### [How to complete this task]
Would you return the listing exactly as written, apart from its pictures?

### [Stored data]

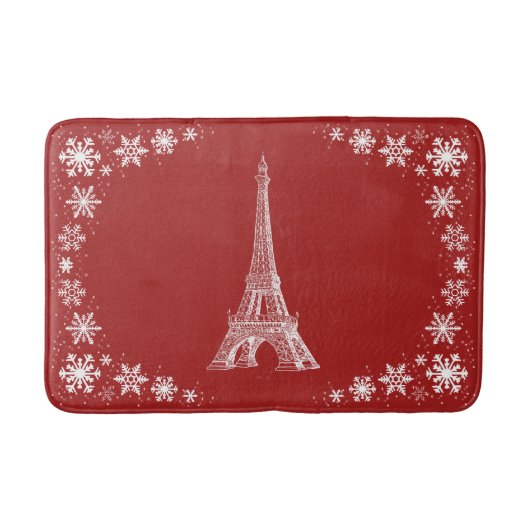 Paris Snow Red White Bathmat Badmat (Voorkant)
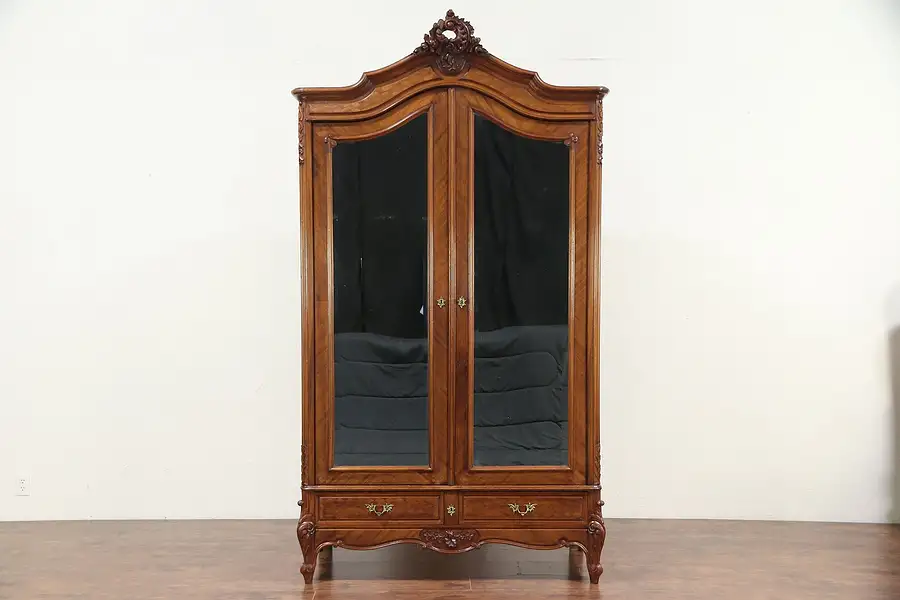 Main image of French Antique Mahogany Armoire, Beveled Mirror Doors, Closet Pole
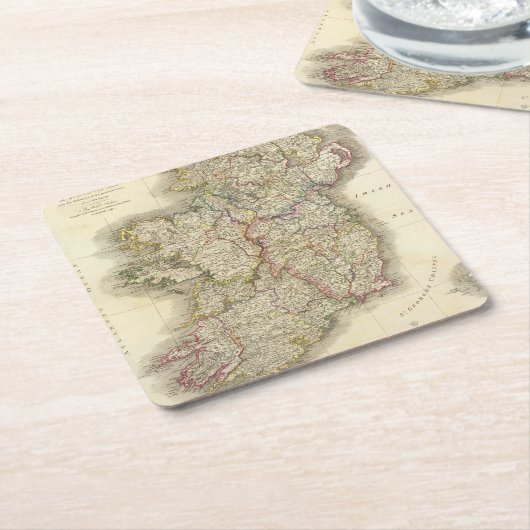 Ierse kaart kartonnen onderzetters (Schuin)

### [Written answer]
 Paris Snow Red White Bathmat Badmat (Voorkant)
 Main image of French Antique Mahogany Armoire, Beveled Mirror Doors, Closet Pole
 Ierse kaart kartonnen onderzetters (Schuin)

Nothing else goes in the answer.